Case in point: unified communications for federal workers. As FedTech Magazine recently highlighted, agencies such as the Securities and Exchange Commission now leverage UC tools in order to enable their employees to work remotely, and therefore more effectively.
UC for SEC
The news source reported that SEC personnel now leverage UC in order to conduct video conferences and share documents, which is critical for enabling off-site workers to contribute to their teams.
"We have expanded telework, and for many people who work remotely, these tools are very effective," said Pamela Dyson, deputy CIO and deputy director of the SEC's Office of Information Technology, FedTech Magazine reported.
Beyond using UC among workers in and around Washington, D.C., the SEC also leverages UC tools to conduct training courses for employees among the agency's 11 regional offices, Dyson told the news source.
This is not a particularly recent innovation, either. FedTech Magazine pointed out the SEC began to move in this direction back in 2004, at which time the agency adopted a VoIP system.
A Growing Trend
The SEC may be somewhat ahead of the curve when it comes to UC in the federal government, but they aren't likely to remain there for long. Speaking to the news source, Bob Laliberte, senior analyst for the Enterprise Strategy Group, asserted that UC awareness is spreading among federal agency leaders. As this happens, more federal groups will undoubtedly move to take advantage of the technology.
In particular, Laliberte emphasized UC's value for federal agencies as a means of reducing or eliminating in-person meetings.
"Now, people can meet online, actually show their colleagues the data and information they are talking about, and get people to make decisions as opposed to waiting for a set time to meet at a physical destination," he said, according to the source.
One serious, yet easily overlooked, reason for federal agencies to hop on the UC bandwagon is to improve cybersecurity. How? By helping these groups recruit cybersecurity professionals.
The lack of cybersecurity pros is a major problem for the federal government. The private sector can offer these experts better compensation and more freedom to innovate, making it tough for agencies to recruit and hold on to the cybersecurity staff they need to keep their data safe.

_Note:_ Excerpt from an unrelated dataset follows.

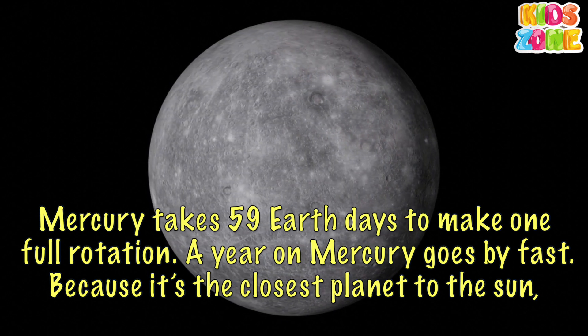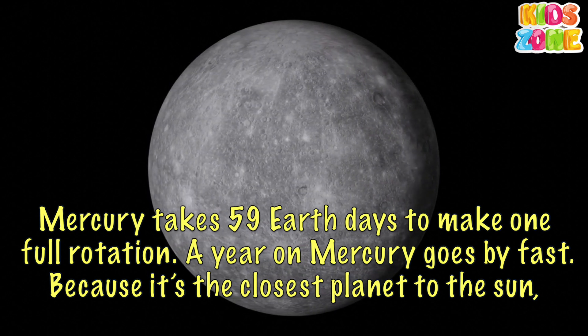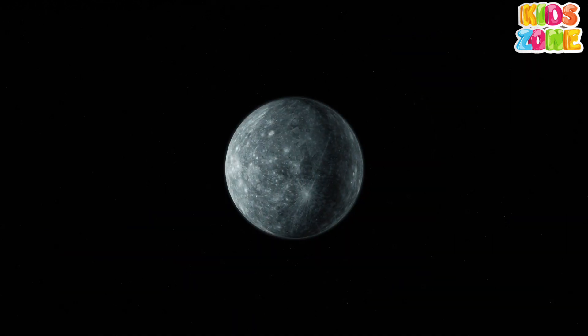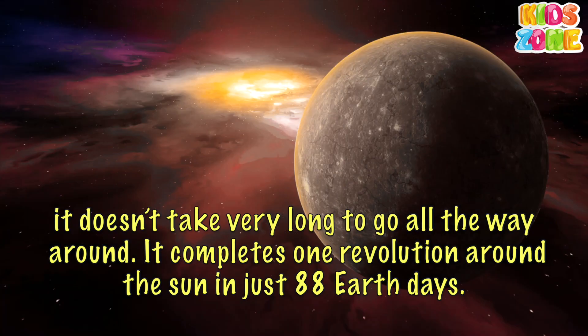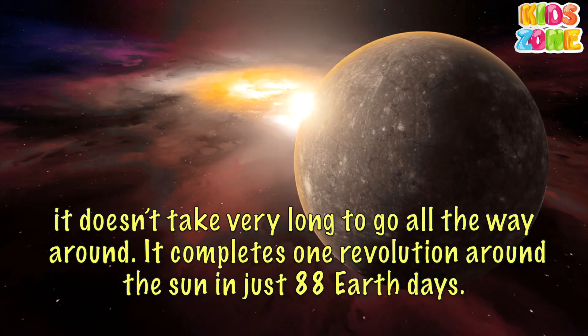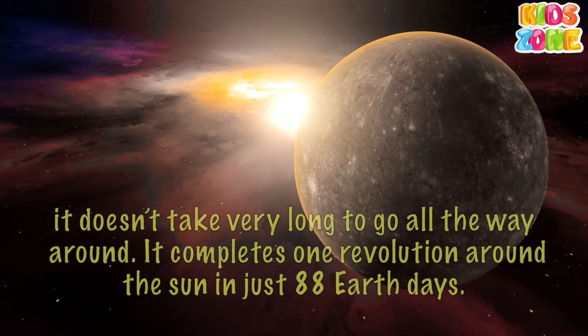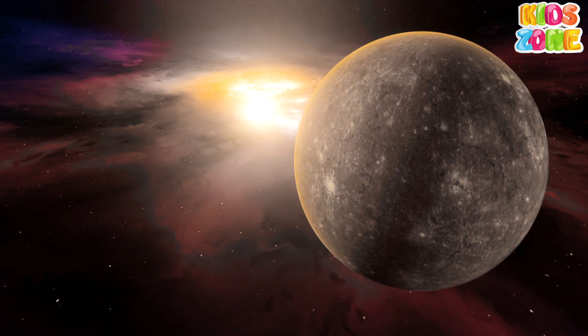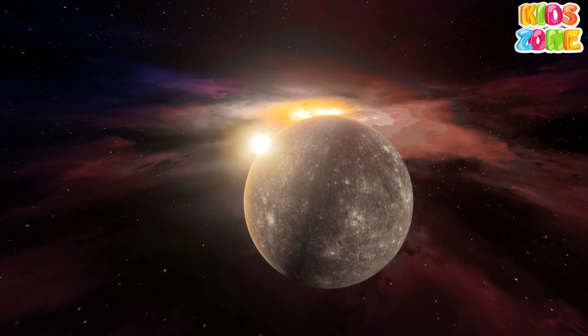A year on Mercury goes by fast, because it's the closest planet to the Sun. It doesn't take very long to go all the way around. It completes one revolution around the Sun in just 88 Earth days. If you lived on Mercury, you'd have a birthday every three months.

As GCN contributor William Jackson pointed out, allowing federal employees to work remotely could go a long way toward solving this problem. Employees, and particularly young personnel, are big fans of remote work - they see it as a serious job perk. Federal agencies that allow telecommuting are a lot more appealing to cybersecurity pros than organizations that don't. By embracing UC, remote work for these personnel becomes simple, easy, and safe.